We now enter queries and likes and itineraries into a networked machine that continues to learn more about us and people like us. Soon the Internet of Things will be established, and the machine will escape its casing and live among us, so quiet, not even making a hum, that we’ll barely notice it. Driverless car technology will mature and we’ll be sitting inside a computer which will be inside another computer. In our pockets will be more computers. They’ll all be measuring and tracking, tabulating, taking a pulse, all the time, not just following us but guiding us. The data will be worthwhile, will help us achieve a safer and, in some ways, saner world, but it will be almost impossible to opt out, to be left alone. We’ll be a known quantity. It will seem like progress.

The opening of “How Self-Driving Cars Will Threaten Privacy,” a wonderfully lucid Atlantic essay by Adrienne LaFrance, which opines that the “price of convenience [will be] surveillance”:

Allow me to join you, if I may, on your morning commute sometime in the indeterminate future.

Here we are, stepping off the curb and into the backseat of a vehicle. As you close the car door behind you, the address of your office—our destination—automatically appears on a screen embedded in the back of a leather panel in front of you. “Good morning,” says the car’s humanoid voice, greeting you by name before turning on NPR for you like it does each day.

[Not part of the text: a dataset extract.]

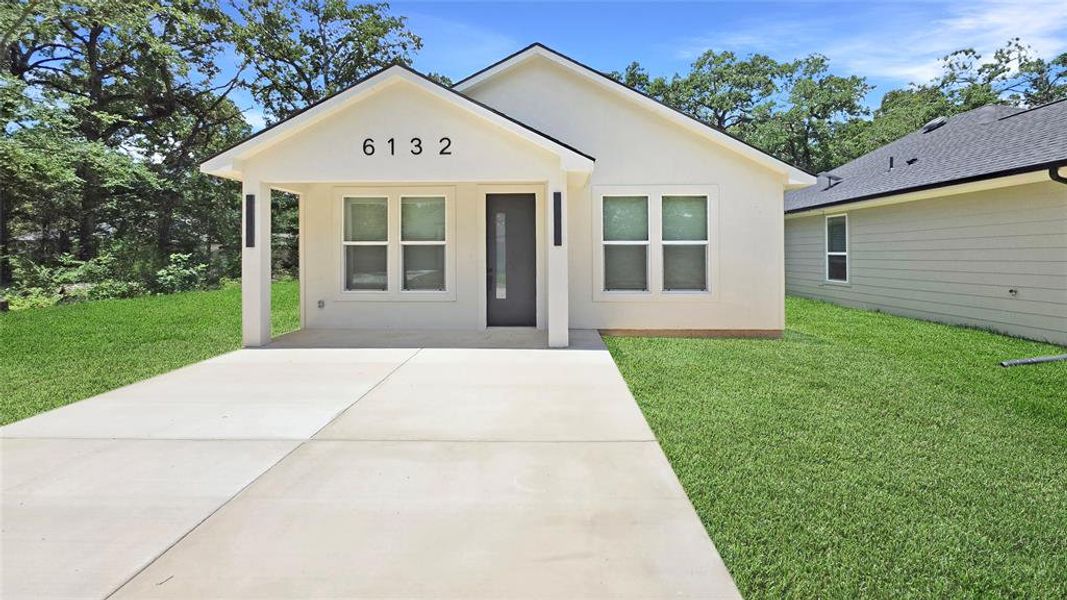 Front exterior of a new home in , Mabank, TX, highlighting curb appeal (Image 2). Front exterior of a new home in , Mabank, TX, highlighting curb appeal (Image 2).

You decide you’d like a cup of coffee, and you tell the vehicle so. “Peet’s coffee, half-a-mile away,” it confirms. Peet’s, as it turns out, is a few doors down from Suds Cleaners. The car suggests you pick up your dry cleaning while you’re in the neighborhood. “After work instead,” you say. The car tweaks your evening travel itinerary accordingly.

As we run into Peet’s to grab coffee, the car circles the block. Then, we’re back in the vehicle, en route to your office once again. There’s a lunch special coming up at the vegetarian place you like, the car tells you as we pass the restaurant. With your approval, it makes a reservation for Friday. We ride by a grocery store and a list of sale items appears on the screen. With a few taps, you’ve added them to your existing grocery list. The car is scheduled to pick up and deliver your order this evening.

We’re less than a mile from your office now. Just like every morning, your schedule for the morning—a conference call at 10 a.m., a meeting at 11 a.m.—appears on the screen, along with a reminder that today is a colleague’s birthday.

This is the age of self-driving cars, an era when much of the minutiae of daily life is relegated to a machine. Your commute was pleasant, relaxing, and efficient. Along with promising unprecedented safety on public roadways, driverless cars could make our lives a lot easier—freeing up people’s time and attention to focus on other matters while they’re moving from one place to the next.